Exercise aim: A faithful copy is required: retype the records from their first line through the line with "Lets Build A", and omit the pictures.

Data provided:
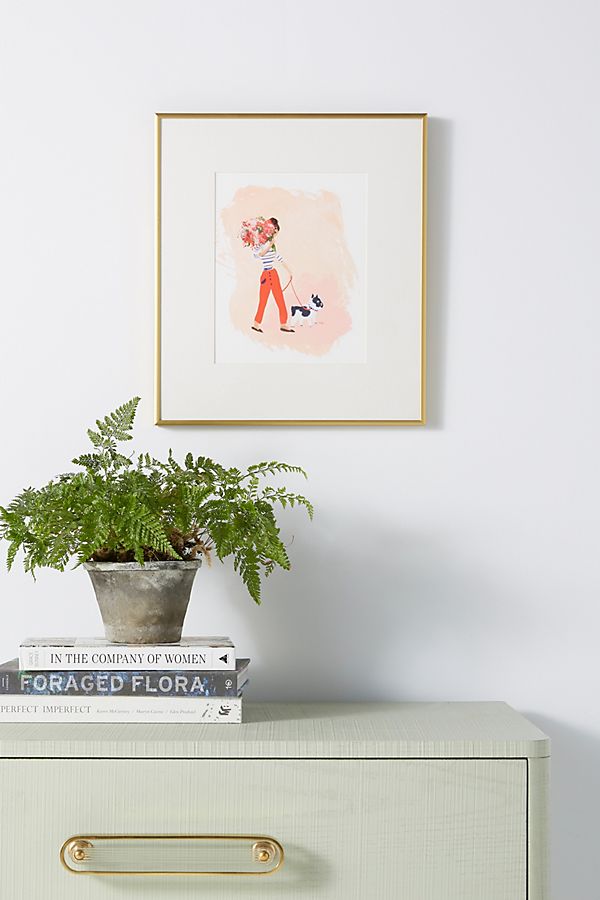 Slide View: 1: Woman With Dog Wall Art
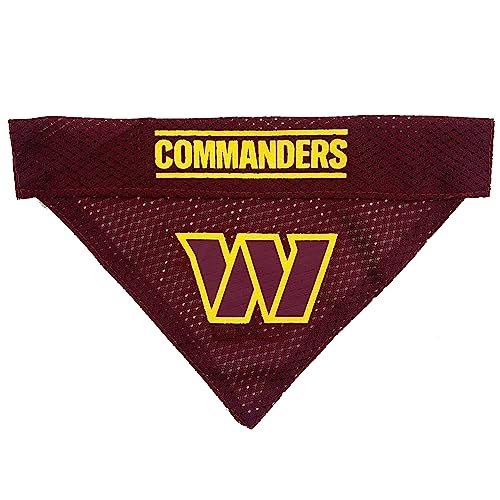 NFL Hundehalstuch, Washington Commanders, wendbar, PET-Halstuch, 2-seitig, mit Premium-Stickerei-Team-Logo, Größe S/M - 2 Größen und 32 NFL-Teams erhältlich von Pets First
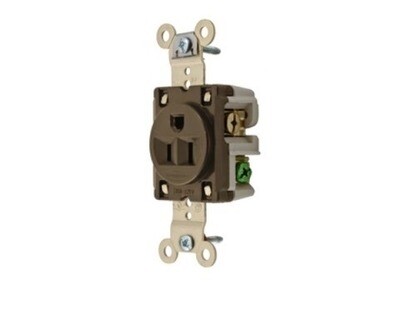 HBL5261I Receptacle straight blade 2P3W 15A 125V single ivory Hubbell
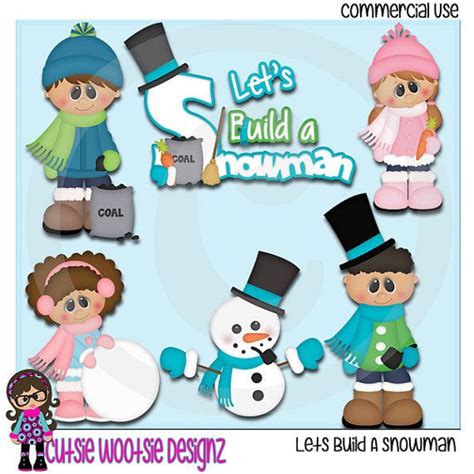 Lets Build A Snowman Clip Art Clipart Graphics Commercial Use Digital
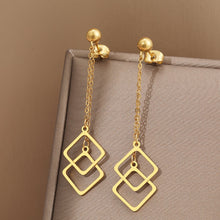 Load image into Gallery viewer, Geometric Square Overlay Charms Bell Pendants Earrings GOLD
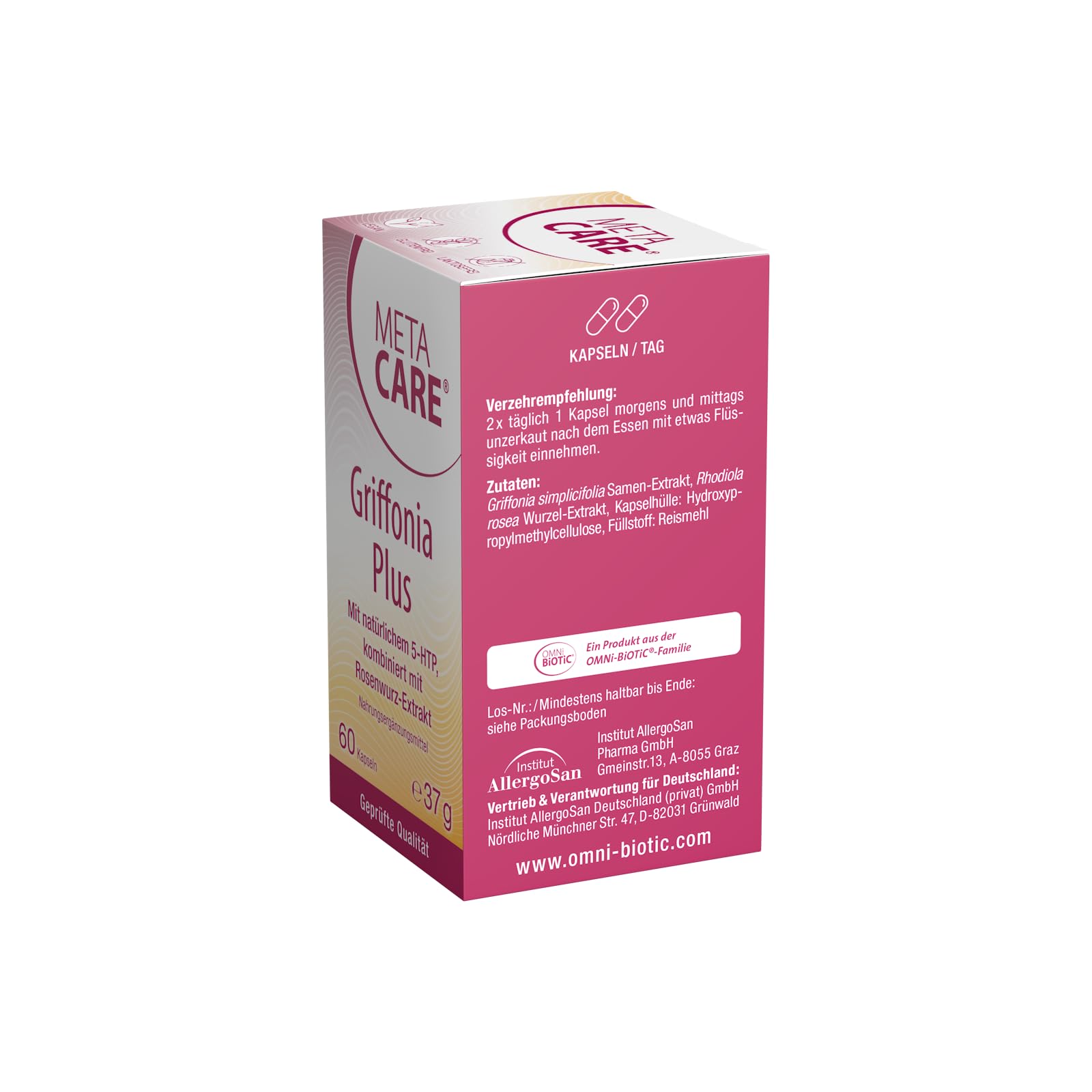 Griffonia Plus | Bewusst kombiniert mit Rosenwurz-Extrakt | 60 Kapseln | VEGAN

Answer space:
 Slide View: 1: Woman With Dog Wall Art
 NFL Hundehalstuch, Washington Commanders, wendbar, PET-Halstuch, 2-seitig, mit Premium-Stickerei-Team-Logo, Größe S/M - 2 Größen und 32 NFL-Teams erhältlich von Pets First
 HBL5261I Receptacle straight blade 2P3W 15A 125V single ivory Hubbell
 Lets Build A Snowman Clip Art Clipart Graphics Commercial Use Digital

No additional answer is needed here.